On several occasions we have considered and decided the quantum of evidence required to be presented by the Commission in enforcement proceedings, the issues that may be raised by a respondent in such proceedings and the burdens upon the respective parties. Pennsylvania Crime Commission v. Nacrelli, 5 Pa. Commonwealth Ct. 551 (1972); In Re: The Petition of the Pennsylvania Crime Commission for an Order to Commonwealth Development Association of Pennsylvania, Inc. to Produce Documentary Evidence, No. 905 C.D. 1971 (not reported). The stipulated record before us supports the Commission's entitlement to enforcement of the subpoenas.

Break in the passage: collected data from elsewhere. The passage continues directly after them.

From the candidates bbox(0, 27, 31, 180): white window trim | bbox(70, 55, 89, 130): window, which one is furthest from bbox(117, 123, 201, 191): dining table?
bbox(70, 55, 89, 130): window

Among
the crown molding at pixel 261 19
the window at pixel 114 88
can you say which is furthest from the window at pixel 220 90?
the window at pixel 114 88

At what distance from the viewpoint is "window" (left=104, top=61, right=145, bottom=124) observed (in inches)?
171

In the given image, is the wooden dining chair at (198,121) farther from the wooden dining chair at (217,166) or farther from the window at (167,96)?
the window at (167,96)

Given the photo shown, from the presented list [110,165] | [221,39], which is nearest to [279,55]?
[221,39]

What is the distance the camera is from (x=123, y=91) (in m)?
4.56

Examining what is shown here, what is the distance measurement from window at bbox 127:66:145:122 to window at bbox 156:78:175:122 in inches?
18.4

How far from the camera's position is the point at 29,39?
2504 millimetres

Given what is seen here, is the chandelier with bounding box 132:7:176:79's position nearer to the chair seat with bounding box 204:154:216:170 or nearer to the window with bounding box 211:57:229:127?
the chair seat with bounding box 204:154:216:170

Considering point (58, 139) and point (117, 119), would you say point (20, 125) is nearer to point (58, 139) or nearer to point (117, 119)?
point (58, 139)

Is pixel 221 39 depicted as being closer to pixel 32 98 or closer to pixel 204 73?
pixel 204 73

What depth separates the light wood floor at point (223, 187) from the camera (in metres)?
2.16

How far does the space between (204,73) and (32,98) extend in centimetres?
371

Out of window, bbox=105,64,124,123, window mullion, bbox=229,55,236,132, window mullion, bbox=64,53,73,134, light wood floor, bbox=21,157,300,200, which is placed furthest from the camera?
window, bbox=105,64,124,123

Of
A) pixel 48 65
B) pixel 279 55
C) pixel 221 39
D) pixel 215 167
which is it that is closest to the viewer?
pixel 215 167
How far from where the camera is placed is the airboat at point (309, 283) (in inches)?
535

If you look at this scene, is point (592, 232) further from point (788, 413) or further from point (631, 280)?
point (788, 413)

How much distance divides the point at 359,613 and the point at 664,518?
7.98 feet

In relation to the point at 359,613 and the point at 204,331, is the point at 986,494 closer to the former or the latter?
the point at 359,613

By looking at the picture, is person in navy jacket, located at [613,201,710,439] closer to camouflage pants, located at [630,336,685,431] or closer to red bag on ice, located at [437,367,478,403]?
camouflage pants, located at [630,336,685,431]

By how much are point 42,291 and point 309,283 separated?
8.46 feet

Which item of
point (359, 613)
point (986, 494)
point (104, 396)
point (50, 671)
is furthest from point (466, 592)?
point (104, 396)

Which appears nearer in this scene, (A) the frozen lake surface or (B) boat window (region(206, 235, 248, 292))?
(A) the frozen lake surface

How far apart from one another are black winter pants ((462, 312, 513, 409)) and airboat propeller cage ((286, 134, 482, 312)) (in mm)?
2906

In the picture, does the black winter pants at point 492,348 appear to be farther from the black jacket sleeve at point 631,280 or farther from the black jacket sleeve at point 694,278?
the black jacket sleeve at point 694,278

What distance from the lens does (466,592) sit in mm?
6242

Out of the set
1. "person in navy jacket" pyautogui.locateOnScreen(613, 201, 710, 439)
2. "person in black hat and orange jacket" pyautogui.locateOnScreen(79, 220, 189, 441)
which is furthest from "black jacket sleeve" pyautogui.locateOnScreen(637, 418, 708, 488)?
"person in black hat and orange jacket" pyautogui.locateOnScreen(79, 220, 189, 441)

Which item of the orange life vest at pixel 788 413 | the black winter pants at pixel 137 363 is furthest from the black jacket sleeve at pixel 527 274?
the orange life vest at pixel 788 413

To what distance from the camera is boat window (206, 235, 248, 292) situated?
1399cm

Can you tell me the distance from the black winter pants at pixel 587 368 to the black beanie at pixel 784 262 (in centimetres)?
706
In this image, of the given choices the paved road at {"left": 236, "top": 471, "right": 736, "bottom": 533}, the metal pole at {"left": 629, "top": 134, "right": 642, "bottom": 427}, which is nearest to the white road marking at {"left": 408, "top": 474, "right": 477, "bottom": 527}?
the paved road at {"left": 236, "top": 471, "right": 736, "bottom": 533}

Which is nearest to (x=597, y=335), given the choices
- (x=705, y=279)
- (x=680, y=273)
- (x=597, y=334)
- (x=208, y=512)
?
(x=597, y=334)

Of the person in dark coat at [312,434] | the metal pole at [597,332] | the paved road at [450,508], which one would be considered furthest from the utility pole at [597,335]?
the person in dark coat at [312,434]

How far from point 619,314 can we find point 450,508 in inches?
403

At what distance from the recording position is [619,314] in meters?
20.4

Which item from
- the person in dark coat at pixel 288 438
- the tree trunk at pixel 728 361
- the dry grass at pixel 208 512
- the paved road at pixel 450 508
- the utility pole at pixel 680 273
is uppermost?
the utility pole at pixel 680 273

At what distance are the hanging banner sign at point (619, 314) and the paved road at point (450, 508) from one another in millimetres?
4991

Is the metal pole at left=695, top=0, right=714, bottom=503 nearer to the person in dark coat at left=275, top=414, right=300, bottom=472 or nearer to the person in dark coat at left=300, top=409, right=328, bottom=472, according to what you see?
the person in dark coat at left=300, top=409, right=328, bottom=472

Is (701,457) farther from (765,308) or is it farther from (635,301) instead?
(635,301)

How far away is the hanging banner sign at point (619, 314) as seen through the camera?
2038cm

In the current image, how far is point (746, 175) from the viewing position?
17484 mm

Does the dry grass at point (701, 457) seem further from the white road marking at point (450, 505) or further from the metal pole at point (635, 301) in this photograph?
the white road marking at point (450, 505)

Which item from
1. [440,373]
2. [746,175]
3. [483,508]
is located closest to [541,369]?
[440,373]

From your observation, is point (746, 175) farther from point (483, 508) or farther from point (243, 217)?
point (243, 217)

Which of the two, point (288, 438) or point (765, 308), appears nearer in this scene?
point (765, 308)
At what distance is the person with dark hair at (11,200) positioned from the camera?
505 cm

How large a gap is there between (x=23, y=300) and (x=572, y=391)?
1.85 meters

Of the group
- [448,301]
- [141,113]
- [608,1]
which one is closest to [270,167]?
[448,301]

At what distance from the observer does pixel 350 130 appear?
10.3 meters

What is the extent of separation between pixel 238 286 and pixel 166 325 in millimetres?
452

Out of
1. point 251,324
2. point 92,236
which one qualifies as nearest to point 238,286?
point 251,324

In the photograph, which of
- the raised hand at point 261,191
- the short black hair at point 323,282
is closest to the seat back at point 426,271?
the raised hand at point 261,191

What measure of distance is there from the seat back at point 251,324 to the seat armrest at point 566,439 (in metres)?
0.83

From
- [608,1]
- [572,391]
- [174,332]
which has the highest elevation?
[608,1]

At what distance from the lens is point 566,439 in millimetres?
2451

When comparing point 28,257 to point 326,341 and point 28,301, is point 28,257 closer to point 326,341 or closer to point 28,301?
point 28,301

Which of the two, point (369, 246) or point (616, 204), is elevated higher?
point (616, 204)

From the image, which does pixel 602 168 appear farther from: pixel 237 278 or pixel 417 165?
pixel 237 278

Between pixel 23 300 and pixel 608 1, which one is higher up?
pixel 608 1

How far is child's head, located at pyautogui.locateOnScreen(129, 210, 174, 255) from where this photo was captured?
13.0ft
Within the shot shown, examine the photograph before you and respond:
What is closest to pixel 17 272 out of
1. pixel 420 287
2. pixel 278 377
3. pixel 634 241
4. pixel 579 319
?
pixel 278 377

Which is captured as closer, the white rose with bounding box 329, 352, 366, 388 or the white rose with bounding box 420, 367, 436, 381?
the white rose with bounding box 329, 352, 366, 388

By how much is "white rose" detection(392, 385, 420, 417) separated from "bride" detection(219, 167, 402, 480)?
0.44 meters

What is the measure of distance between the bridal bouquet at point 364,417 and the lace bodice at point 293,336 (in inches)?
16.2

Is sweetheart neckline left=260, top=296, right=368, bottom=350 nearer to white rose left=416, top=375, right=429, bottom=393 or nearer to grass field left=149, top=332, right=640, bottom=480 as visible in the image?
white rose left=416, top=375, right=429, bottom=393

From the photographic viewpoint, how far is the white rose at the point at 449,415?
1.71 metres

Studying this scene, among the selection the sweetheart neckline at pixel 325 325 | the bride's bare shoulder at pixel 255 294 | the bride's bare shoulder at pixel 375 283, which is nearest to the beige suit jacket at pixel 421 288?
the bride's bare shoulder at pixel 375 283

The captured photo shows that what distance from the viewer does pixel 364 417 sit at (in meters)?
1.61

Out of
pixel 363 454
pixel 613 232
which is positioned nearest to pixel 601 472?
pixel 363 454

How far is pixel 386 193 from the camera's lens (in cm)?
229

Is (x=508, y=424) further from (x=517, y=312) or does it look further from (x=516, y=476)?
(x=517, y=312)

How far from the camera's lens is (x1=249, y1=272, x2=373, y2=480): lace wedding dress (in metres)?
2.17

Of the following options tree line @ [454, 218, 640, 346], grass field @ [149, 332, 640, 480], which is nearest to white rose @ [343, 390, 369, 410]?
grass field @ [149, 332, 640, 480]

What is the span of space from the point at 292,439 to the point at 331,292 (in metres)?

Accordingly, we enter the following
Now, June 4, 1973, it is hereby ordered, adjudged and decreed:
1. That the Court of Common Pleas of Philadelphia County was and is without jurisdiction to entertain proceedings before it docketed to Criminal Trial Division at Miscellaneous Docket No. 73-00-0326 in John Joseph Bonk, and James J. Fallon, and Frank J. Beatty v. Commonwealth of Pennsylvania ; orders of court issued thereunder are hereby vacated as improvidently issued and said proceedings are set aside.
2. That the Court of Common Pleas of Montgomery County was and is without jurisdiction to entertain proceedings before it docketed to Criminal Trial Division Miscellaneous Docket No. 27 January Term, 1973, in Robert C. Sadowl v. Commonwealth of Pennsylvania ; orders of court issued thereunder are hereby vacated as improvidently issued and said proceedings are set aside.
[ 9 Pa. Commw. Page 3403]
. That this Court having original concurrent jurisdiction to entertain proceedings by the Pennsylvania Crime Commission to enforce subpoenas issued by it filed to Nos. 411, 412, 413, 414 C.D. 1973, respondents' preliminary objections to said enforcement proceedings are hereby overruled.
4. That the Pennsylvania Crime Commission, having established its entitlement to judicial enforcement of subpoenas, duly issued and served upon respondents, to which respondents failed or refused to respond,
(a) at No. 411 C.D. 1973, John Joseph Bonk shall appear before the Pennsylvania Crime Commission at a time and place to be determined by the Commission, to be sworn and to answer such questions as may be put to him and to produce such documents as directed in the subpoena served upon him.
(b) at No. 412 C.D. 1973, James J. Fallon shall appear before the Pennsylvania Crime Commission at a time and place to be determined by the Commission, to be sworn and to answer such questions as may be put to him and to produce such documents as directed in the subpoena served upon him.
(c) at No. 413 C.D. 1973, Frank J. Beatty shall appear before the Pennsylvania Crime Commission at a time and place to be determined by the Commission, to be sworn and to answer such questions as may be put to him and to produce such documents as directed in the subpoena served upon him.
(d) at No. 414 C.D. 1973, Robert C. Sadowl shall appear before the Pennsylvania Crime Commission at a time and place to be determined by the Commission, to be sworn and to answer such questions as may be put to him and to produce such documents as directed in the subpoena served upon him.
Orders of lower courts vacated. Parties subpoenaed ordered to comply therewith.